SELECT MIN(population) as min_pop,
MAX(population) as max_pop,
MIN(population_growth) as min_growth,
MAX(population_growth) as max_growth
FROM facts;
File "<tokenize>", line 5 FROM facts; ^ IndentationError: unindent does not match any outer indentation level
We can see that our minimum population is 0, and our maximum population is 7.2+ BILLION. This is obviously not correct, as we're looking for information on individual countries, and this seems to be data relating to the entire world. Let's see if we can narrow our data down to find the culprit.
%%sql
SELECT *
FROM facts
WHERE population = (SELECT MIN(population)
FROM facts);
Here we can see that the entry for Antarctica reports a population of 0, which is why our previous query showed 0 as the minimum population. According to the CIA Factbook page for Antarctica, there are no indigenous inhabitants, only seasonal researchers who are staffed there are certain times of the year. Let's do the same query for the country that is reporting the maximum population:
%%sql
SELECT *
FROM facts
WHERE population = (SELECT MAX(population)
FROM facts);
Interestingly, there is a separate entry in our database for the entire World, which is why it lists the population for the entire planet for its population size. Let's re-run our previous query, but this time exclude the row including the world data. We can do this a number of ways, but I will simply query the population whose id != 261
(261 is the unique id for World):
%%sql
SELECT MIN(population) as min_pop,
MAX(population) as max_pop,
MIN(population_growth) as min_growth,
MAX(population_growth) as max_growth
FROM facts
WHERE id != 261;
Above we can see that we now have a more reasonable maximum population of ~1.36 billion people. This is most likely China, as it is one of the largest countries in the world. We can go ahead and verify that with another simple query:
%%sql
SELECT *
FROM facts
WHERE population = (SELECT MAX(population)
FROM facts
WHERE id != 261);
Now that we've figured out the outliers, we can move ahead and calculate the average population and area in our database.
%%sql
SELECT ROUND(AVG(population),3) as avg_pop,
ROUND(AVG(area),3) as avg_area
FROM facts
WHERE id != 261;
So we can see that the average population for a given country is ~32 million people, and the average area of a given country is ~555,000 sq. kilometers. Let's build upon this query one more time to find countries that meet both of the following criteria:
population
is above average (more than ~32 million).area
is below average (less than ~555,000).%%sql
SELECT id, code, name, population, area, ROUND(population/area,2) as pop_area_ratio
FROM facts
WHERE population > (SELECT AVG(population)
FROM facts
WHERE id != 261)
AND area < (SELECT AVG(area)
FROM facts
WHERE id != 261);
We can see from the above results that there are 14 countries that fit both of those criteria.
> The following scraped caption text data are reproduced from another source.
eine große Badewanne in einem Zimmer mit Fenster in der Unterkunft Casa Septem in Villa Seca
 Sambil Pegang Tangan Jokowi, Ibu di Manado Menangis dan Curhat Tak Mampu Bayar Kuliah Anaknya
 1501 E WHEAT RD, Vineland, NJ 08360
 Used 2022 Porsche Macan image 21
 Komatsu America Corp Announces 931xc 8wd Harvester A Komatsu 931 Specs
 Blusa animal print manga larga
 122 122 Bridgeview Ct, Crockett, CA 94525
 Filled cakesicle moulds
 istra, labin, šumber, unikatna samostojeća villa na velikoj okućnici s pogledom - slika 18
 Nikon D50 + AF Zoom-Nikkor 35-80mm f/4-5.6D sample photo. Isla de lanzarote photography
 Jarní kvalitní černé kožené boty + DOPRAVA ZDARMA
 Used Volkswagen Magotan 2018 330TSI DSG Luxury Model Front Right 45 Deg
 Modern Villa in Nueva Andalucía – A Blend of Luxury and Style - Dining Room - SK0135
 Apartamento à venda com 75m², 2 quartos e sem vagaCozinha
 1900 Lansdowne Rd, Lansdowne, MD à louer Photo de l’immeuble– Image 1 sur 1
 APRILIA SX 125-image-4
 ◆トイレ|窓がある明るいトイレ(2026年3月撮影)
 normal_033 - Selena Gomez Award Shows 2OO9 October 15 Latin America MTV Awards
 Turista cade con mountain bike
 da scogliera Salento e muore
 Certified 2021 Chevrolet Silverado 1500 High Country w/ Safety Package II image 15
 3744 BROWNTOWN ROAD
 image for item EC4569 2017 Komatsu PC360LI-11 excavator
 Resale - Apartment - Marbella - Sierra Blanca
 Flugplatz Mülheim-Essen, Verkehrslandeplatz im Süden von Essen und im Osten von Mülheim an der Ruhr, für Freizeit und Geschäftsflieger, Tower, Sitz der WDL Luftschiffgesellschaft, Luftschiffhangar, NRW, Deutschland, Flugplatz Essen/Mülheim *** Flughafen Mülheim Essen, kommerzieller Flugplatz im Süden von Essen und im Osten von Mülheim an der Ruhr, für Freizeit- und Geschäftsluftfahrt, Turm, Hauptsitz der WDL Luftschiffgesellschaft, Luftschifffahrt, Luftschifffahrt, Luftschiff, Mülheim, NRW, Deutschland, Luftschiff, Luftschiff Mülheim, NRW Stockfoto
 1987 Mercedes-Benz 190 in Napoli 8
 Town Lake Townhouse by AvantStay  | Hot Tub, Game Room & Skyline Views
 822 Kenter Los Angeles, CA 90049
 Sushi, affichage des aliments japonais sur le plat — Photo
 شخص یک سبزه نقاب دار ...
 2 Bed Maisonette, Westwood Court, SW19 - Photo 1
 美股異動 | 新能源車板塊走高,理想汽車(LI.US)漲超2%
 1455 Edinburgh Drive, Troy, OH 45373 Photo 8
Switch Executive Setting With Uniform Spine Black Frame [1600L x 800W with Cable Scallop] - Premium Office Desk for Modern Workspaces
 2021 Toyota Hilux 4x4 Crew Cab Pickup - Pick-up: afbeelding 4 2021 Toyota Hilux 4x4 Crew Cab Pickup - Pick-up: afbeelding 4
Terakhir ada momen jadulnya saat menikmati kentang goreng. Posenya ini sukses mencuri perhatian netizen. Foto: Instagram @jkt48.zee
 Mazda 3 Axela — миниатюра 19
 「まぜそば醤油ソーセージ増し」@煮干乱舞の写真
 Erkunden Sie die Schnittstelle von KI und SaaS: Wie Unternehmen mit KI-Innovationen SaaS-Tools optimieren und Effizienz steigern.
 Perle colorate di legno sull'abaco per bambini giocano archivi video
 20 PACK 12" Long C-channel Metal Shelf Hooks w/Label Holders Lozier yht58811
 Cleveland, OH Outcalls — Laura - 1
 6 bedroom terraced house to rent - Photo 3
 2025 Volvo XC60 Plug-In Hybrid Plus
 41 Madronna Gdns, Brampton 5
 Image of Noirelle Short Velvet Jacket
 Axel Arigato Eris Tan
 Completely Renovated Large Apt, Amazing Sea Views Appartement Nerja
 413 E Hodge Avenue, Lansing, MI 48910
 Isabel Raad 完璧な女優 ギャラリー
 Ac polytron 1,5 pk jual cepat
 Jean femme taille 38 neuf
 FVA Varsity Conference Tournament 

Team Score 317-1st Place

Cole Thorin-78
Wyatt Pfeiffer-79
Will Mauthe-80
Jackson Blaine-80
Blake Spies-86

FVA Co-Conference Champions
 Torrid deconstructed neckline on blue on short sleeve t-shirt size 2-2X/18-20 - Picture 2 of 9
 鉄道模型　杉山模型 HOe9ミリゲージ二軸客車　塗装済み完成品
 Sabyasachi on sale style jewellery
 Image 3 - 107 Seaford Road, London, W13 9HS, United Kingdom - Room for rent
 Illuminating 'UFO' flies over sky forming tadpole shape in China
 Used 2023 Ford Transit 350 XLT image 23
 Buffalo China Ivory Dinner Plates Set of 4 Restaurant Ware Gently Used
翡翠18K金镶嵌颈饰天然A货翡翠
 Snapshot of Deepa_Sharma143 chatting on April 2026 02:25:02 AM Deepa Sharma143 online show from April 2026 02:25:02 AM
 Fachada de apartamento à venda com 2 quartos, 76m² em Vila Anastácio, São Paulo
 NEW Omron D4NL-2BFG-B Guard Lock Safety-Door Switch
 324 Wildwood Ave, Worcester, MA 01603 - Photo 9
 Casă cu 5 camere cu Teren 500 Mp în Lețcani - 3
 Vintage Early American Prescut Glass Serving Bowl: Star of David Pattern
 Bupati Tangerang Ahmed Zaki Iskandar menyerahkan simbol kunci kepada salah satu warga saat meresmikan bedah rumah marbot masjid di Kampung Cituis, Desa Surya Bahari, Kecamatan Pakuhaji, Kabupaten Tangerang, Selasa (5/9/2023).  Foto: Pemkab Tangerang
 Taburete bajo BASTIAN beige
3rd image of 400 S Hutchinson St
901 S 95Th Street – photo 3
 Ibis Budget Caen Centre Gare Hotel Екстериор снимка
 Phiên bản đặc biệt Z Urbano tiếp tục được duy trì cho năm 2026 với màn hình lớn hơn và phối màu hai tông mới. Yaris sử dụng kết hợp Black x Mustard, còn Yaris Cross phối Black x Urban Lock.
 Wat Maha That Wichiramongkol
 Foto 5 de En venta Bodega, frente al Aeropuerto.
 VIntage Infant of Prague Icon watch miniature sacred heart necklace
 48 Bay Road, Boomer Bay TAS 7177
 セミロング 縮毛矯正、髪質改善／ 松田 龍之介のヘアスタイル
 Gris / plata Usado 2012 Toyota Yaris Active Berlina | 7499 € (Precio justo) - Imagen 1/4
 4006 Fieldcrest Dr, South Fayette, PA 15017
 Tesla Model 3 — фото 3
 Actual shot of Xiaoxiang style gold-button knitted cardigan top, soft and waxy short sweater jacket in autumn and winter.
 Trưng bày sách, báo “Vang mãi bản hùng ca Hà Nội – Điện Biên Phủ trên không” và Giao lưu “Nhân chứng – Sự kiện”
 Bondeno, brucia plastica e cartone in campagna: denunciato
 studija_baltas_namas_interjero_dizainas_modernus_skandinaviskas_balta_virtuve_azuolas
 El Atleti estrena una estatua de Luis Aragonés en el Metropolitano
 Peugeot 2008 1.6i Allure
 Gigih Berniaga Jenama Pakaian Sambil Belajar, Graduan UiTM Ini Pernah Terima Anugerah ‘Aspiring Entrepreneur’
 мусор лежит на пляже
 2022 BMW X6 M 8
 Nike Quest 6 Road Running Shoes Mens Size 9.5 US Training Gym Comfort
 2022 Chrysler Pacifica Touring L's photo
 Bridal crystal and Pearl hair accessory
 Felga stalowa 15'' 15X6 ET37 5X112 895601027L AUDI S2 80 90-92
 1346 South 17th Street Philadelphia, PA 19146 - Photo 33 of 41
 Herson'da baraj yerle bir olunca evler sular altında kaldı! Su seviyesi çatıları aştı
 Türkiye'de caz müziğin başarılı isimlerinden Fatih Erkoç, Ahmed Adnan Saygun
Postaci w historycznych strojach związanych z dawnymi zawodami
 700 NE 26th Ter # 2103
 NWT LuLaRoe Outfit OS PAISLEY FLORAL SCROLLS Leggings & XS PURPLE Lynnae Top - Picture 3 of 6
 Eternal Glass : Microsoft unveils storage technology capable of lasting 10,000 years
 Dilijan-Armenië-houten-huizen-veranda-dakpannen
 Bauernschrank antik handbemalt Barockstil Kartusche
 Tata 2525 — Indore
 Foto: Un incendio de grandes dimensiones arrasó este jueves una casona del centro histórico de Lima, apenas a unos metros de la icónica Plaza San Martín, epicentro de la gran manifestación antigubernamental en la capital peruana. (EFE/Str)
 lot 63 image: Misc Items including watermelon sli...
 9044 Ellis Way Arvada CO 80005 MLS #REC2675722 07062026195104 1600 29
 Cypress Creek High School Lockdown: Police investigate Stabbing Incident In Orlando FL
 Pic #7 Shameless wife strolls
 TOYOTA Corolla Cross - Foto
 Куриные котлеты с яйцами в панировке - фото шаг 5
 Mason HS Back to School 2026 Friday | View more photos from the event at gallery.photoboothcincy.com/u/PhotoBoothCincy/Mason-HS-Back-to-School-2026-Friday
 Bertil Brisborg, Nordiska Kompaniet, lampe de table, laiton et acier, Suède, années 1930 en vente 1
Let's go ahead and try to answer the following questions using our database:
%%sql
SELECT *
FROM facts
WHERE population = (SELECT MAX(population)
FROM facts
WHERE id != 261)
AND id != 261;
%%sql
SELECT *
FROM facts
WHERE population_growth = (SELECT MAX(population_growth)
FROM facts
WHERE id != 261)
AND id != 261;
We can see that China is the country with the highest population at ~1.37 billion people. South Sudan is the country with the highest population growth at a rate of 4.02%.
%%sql
SELECT name, area_land, area_water,
ROUND(CAST(area_water as float) / CAST(area_land as float), 2) as area_ratio
FROM facts
WHERE id != 261
ORDER BY area_ratio DESC
LIMIT 10;
%%sql
SELECT name, area_land, area_water
FROM facts
WHERE area_water > area_land
AND id != 261
ORDER BY area_water DESC
We can clearly see an outlier in the British Indian Ocean Territory, with an area_ratio of 900+, where the next highest ratio is the Virgin Islands at 4.52. This checks out because the British Indian Ocean Territory is an archipelago, so it's naturally surrounded by tons of ocean. Also, the two countries with the highest water-to-land ratios are also the only two countries who have more water than land.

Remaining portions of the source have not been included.